There is detailed evidence that on 12th April 1334 Giotto was nominated Master Builder of the Opera di Santa Reparata, now Santa Maria del Fiore, and the Commune’s Superintendent of Public Works. According to Giovanni Villani’s Nuova Cronica, that same year the foundation of the cathedral bell-tower was laid, based on plans by Giotto.
The artist was able to follow the works down to the lower part of the plinth, until he died in 1337 while returning from Milan where the Florence Commune had sent him to lend his skills to Duke Azzone Visconti.
The Chapel of the Scrovegni History
A small, unadorned brick building whose architect has not been identified some scholars have suggested Giovanni Degli Eremitani, others Giotto himself the chapel was commissioned by Enrico Scrovegni.
Perhaps it was in suffrage for the soul of his father, Reginaldo, who was made famous through those verses of Dante’s in the XVII canto of the Inferno which accuse him of usury; and perhaps it was to forestall a similar destiny especially since he may have felt himself “tarred with the same brush”.
In point of fact, in the scene in the Last Judgement of the dedication of the chapel to the Blessed Virgin, Enrico appears dressed in violet, the colour of penitence, as he offers his sacred gift in symbolic restitution of what he had extracted by usury. Begun in 1303 and consecrated on 25 March 1305, the chapel was dedicated to Our Lady of the Annunciation.
It was to serve as memorial chapel (Enrico Scrovegni, his wife, and two nephews are buried here) and private chapel, connected as it was to the palace that the Scrovegni had had built inside the Arena on land purchased from the Dalesmanini family in February 1300; this palace later became the property of the Foscari family and was demolished in 1827.
The facade, in the hall-church style, is scanned in the upper parts by hanging arches and by a Gothic window of three mullions, and in the lower part by a door whose archivolt is of alternating white and reddish bricks; along the south wall is a row of six tall mullioned windows.
The interior, featuring a barrel-vaulted nave, is subdivided by two small side altars.
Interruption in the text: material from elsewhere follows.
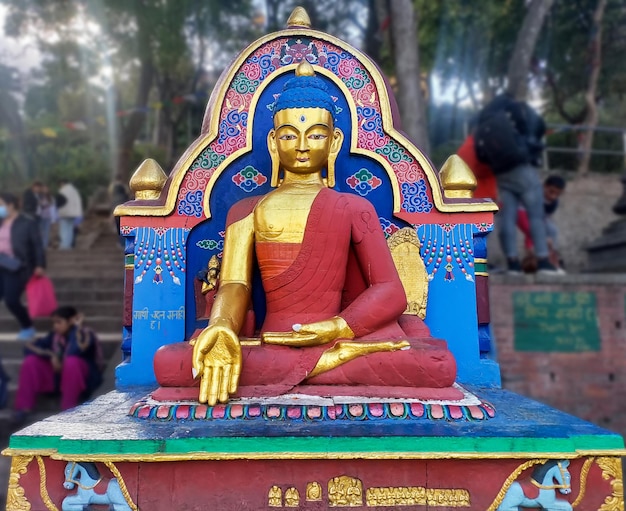 Kolorowy posąg Buddy siedzi w parku.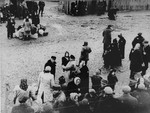Jews are gathered at an assembly point in the Kovno ghetto during a deportation action to Estonia.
According to some scholars they were placed there during a later alteration, while others say that they were placed there as pulpits to separate the part reserved for the faithful from the Scrovegni family, who accessed their part through a small door at the end of the northern wall.
At the back, a polygonal apsidiole contains the Sarcophagus of Enrico Scrovegni (d.1336), attributed to Andriolo de’ Santi; while on the altar are two Angel candle-bearers, and The Virgin & Child by Govanni Pisano.
It was Enrico Scrovegni who commissioned Giotto to execute the frescoes in the interior of the chapel, where the Master attained the height of his artistry, for this cycle of paintings signals “a point of no return in the entire history of western painting”. The work is attributed to the artist from Tuscany in a well-documented tradition, the first evidence dating back to the first decades of the 14th century.
Scholars disagree as to the actual date of the decorations, although they unanimously accept 1305 as the date of the consecration of the edifice, since it is documented in a resolution passed by the Great Council in Venice on 16th March 1305 when approving a loan to Enrico Scrovegni, of some altar decorations from the Basilica of St Mark, for the consecration of a chapel of his proprietorship in Padua. It seems most likely, therefore, that by this date the decorations in the chapel, if not complete, were well on the way to being so.